While not the most electrically complicated section of a radar system, the pulse modulator is the one section I am not really sure about, and should still be considered very experimental.
The pulse modulator is essentially a system which charges a Pulse-Forming Network (PFN) up to a certain high-voltage, 2 kV in our case, and then quickly "grounds" the PFN's positive terminal through the primary winding on an external pulse transformer. This is done using some type of controllable high-speed switch, usually a hydrogen thyratron tube. The generated high-voltage pulse is what is eventually used to "fire" the magnetron, causing it to emit a RF pulse equal to the PFN's delay time, 1 µS for our example.
Most commercial radars use a high-voltage thyratron trigger (5C22) or even spark gaps to rapidly discharge the PFN, but thyratrons are getting to be difficult to locate and can be quite expensive. For our modulator, we'll be using common high-voltage Insulated Gate Bipolar Transistors (IGBT), which are available from places like Mouser or Digi-Key for only a few dollars a piece. Two IGBTs will need to be used in series to equal the required stand-off operating voltage (2,000 volts) for our modulator. Single high-voltage IGBTs or IGBT blocks are available, and would be much easier to work with, but are still very expensive. A gate-drive transformer will be required to trigger both the IGBTs at the same time and to also provide the proper high-voltage isolation. Because of the voltage difference across the two IGBTs, you won't be able to use a single gate-drive circuit with a common ground.
The proper IGBT gate-drive circuit is the part of the system I had the most trouble with, and what is shown should be considered just a starting point. The key is getting the two IGBTs to fire at the same time - when you want them to - and with the proper high-voltage isolation. From experience, the two series transistors will require parallel resistors to "share" the voltage load across each of them so the transistor with the lowest leakage current won't be forced into avalanche mode, which can destroy it.

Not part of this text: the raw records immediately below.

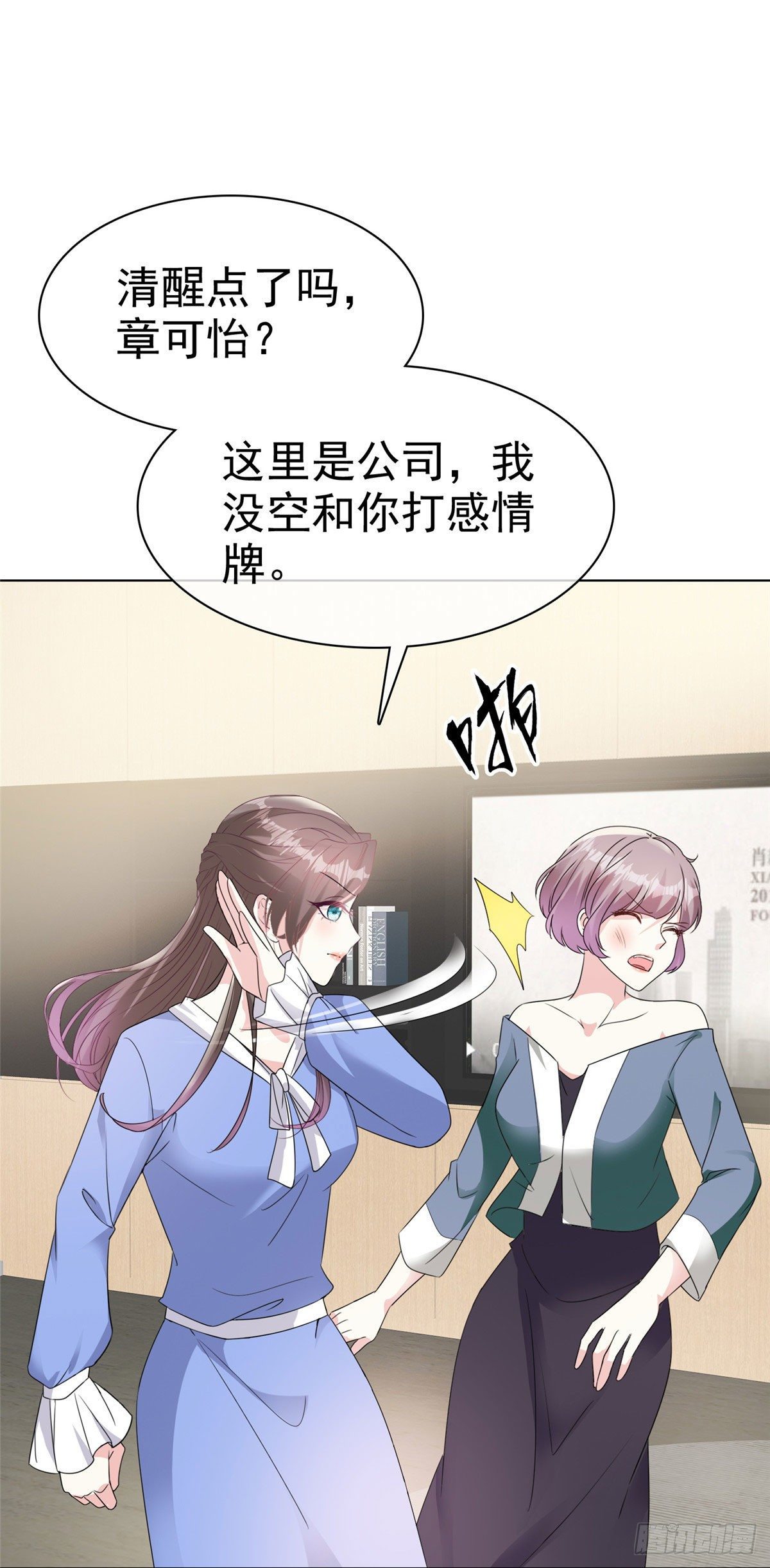 番外 逆袭归来之姐就是女王14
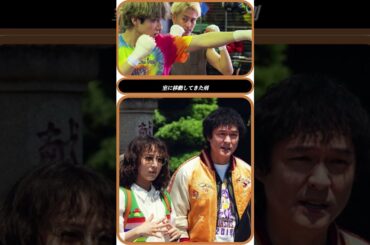 🕵️‍♂️平祐奈＆丸山隆平💐香水の痕跡で真相へ！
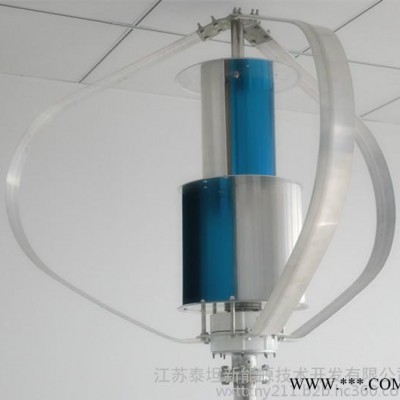 500垂直軸小型風(fēng)力發(fā)電機(jī)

Series resistor/capacitor snubbers will also be added across the transistors to help protect the transistors from transients if they both don't switch on time.
The IGBTs used here (ST Electronics STGF3NC120HD N-channel, 3A/1,200V) have an internal damper diode. These internal diodes will serve an important purpose for our radar application. If the impedance of the PFN and the pulse transformer's primary are not matched, a residual voltage charge can be left on the PFN during the dischage cycle. This residual voltage charge can distort the overall shape of next pulses or can even cause the magnetron to misfire or change frequency. The "reverse diode" in the IGBT will help to completely discharge the PFN after each pulse, thus allowing the PFN to be recharge to the same voltage potential for each pulse.

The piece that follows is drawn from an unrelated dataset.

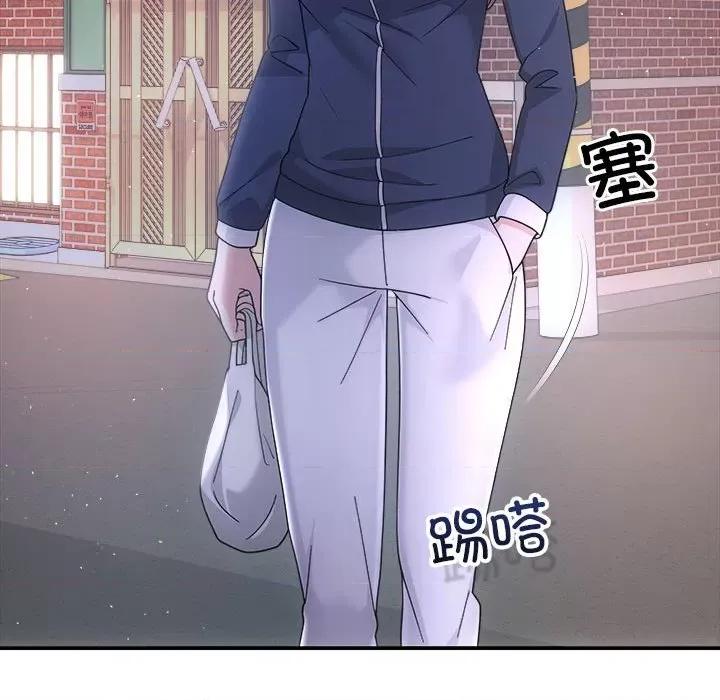 协议关系 协议关系-协议关系 第36话 第116页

A real radar pulse modulator uses a "resonant" inductor/capacitor circuit to charge the PFN. A large inductor is added in series with the PFN charging line to resonate with the overall capacitance of the PFN at half the operating pulse frequency. The idea is to "add" the inductor's stored DC high-voltage charge onto the PFN's voltage. This is done because a PFN circuit outputs only half of its charging voltage, and this is a simple trick to get a voltage boost without requiring any more costly windings on the magnetron's pulse transformer secondary. Because of the low PFN operating frequency, the required value of this series charging inductor can be very high. A five henry inductor would be required for the circuit we're building here, assuming a 2,000 Hz Pulse-Repetition Frequency (PRF). Some commercial radars have charging inductors with values of 30 henries or more. We'll just be using a series 88 mH torroid inductor (mostly as a RF choke) to protect the high-voltage power supply from induced spikes. The series charging diode also protects the power supply during the discharge cycle and allows for changing the modulator's pulse-repetition frequency when using a resonant DC charging network.
Pulse Modulator Operation
A positive-going +5 volt input trigger (TRIG) signal causes a 2N2222A transistor to "pulse" the primary of the gate-drive transformer to ground. The primary winding is charged with a voltage of +24 VDC. This induces a positive-going signal of around 12 volts into the two transformer secondary windings, which in-turn feed the two IGBT's gate pins. A series 10 ohm resistor and a 33 volt TVS protect the IGBT's gate input from any overvoltage conditions. The IGBT is now "turned on" and there is a discharge path to ground for the high-voltage (2 kV) on the PFN. Current can now flow through the pulse transformer's primary winding - which we haven't made yet!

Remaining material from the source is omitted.